Today's events fit in with the new direction Angels of Assisi is taking- keeping animals out of the local pounds and providing workable solutions for the families in our community. This particular story does not have a freedom ride leaving the pound social media photo blitz, and it will not have a saved from the kill list at the last minute shout out, for the simple reason that these ten year old dogs will not end up at the pound. What this story does have is a family at peace with a difficult situation, a plan in place for the care of their animals, and something learned so that those behind them may have similar outcomes. And, perhaps best of all, it has a smiling beagle, and there ain't nothin' better than that.

Empathy is not simply a matter of trying to imagine what others are going through,
but having the will to muster enough courage to do something about it.
In a way, empathy is predicated upon hope. 
- Cornel West

February 4, 2014

February 3, 2014


Pets for Life builds humane communities using innovative approaches designed to extend the reach of animal services, resources, and information to under-served areas. Addressing the imperative need for accessible, affordable pet care, this program helps animals by empowering the people who care for them.
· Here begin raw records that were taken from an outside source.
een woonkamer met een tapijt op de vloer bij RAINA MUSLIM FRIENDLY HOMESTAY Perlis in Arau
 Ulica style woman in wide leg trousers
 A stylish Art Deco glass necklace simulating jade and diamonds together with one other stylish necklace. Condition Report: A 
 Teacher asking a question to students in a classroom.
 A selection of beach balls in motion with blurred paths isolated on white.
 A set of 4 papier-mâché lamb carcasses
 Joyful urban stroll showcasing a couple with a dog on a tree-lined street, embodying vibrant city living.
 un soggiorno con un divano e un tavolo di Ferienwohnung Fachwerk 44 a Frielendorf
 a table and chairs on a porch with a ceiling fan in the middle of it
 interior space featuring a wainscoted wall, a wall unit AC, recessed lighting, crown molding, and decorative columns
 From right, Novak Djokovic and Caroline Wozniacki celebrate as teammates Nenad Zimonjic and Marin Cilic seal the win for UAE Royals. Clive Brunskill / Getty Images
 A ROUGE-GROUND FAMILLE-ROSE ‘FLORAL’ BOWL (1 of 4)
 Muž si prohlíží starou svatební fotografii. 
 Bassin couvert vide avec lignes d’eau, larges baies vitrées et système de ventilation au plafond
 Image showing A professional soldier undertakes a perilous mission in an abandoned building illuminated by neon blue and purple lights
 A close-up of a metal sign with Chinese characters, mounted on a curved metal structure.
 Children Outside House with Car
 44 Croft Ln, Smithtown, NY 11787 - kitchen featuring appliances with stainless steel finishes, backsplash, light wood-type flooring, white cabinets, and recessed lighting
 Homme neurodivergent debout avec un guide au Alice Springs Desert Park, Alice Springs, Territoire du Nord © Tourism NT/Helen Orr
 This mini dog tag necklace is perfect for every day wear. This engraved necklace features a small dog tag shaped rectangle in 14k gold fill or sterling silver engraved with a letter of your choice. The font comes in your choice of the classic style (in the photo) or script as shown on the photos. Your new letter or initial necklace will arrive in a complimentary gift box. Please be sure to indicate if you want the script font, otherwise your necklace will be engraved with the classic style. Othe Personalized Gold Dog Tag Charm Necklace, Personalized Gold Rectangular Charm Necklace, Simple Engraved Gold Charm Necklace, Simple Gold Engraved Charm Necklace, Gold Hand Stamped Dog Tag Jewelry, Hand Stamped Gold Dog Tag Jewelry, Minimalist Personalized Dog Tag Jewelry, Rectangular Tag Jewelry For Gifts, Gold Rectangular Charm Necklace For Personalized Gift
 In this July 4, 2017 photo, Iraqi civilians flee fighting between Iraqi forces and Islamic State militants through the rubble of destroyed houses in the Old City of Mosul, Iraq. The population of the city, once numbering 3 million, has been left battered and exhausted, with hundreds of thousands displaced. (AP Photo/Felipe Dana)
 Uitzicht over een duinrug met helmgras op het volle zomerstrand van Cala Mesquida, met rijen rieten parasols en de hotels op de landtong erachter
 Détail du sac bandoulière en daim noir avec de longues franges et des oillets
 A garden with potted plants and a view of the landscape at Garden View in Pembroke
Our neighborhood has been chosen, and the Angels of Assisi team will be taking it to the streets this weekend. Initially we will provide food, collars, leashes, and spay/neuter, spay/neuter, spay/neuter.

Moving forward, we will add dog training classes, wellness, alternatives to chaining dogs outside,  humane education, and the resources to keep pets happy and healthy, in their own homes. We're betting that life will be better for all involved, canine, feline, and human, especially for the folks on the giving end.

Lobby Talk

Quote of the Day from the Angels of Assisi lobby:
The day I got married, my ex-husband had some advice for my new husband: "don't ever ask her to pick between you and the dog."

- Daisy's mom


February 1, 2014

Logan Biscuit

After living in a too small rabbit hutch for nearly 3 years, Logan is now stretching his sore ridden legs at Angels of Assisi.

Initial tests for heartworm and other major illness have come out well so far. His physical scars may heal faster than his emotional ones, and we've noticed that he sleeps with his front legs tucked way up into his chest- perhaps a matter of habit from living in a space too small for him to stand up straight in.

Bobbie has taken Logan under her caring and knowledgeable wing, and will be working with him to carefully stretch those emotional boundaries until they catch up with the expanded physical ones. Right now, we are taking it one day at a time, but are very hopeful that this sweet spirited boy is going to be just fine.

The glory of friendship is not the outstretched hand,
not the kindly smile,
nor the joy of companionship;
it is the spiritual inspiration that comes to one
when you discover that someone else believes in you
and is willing to trust you with a friendship.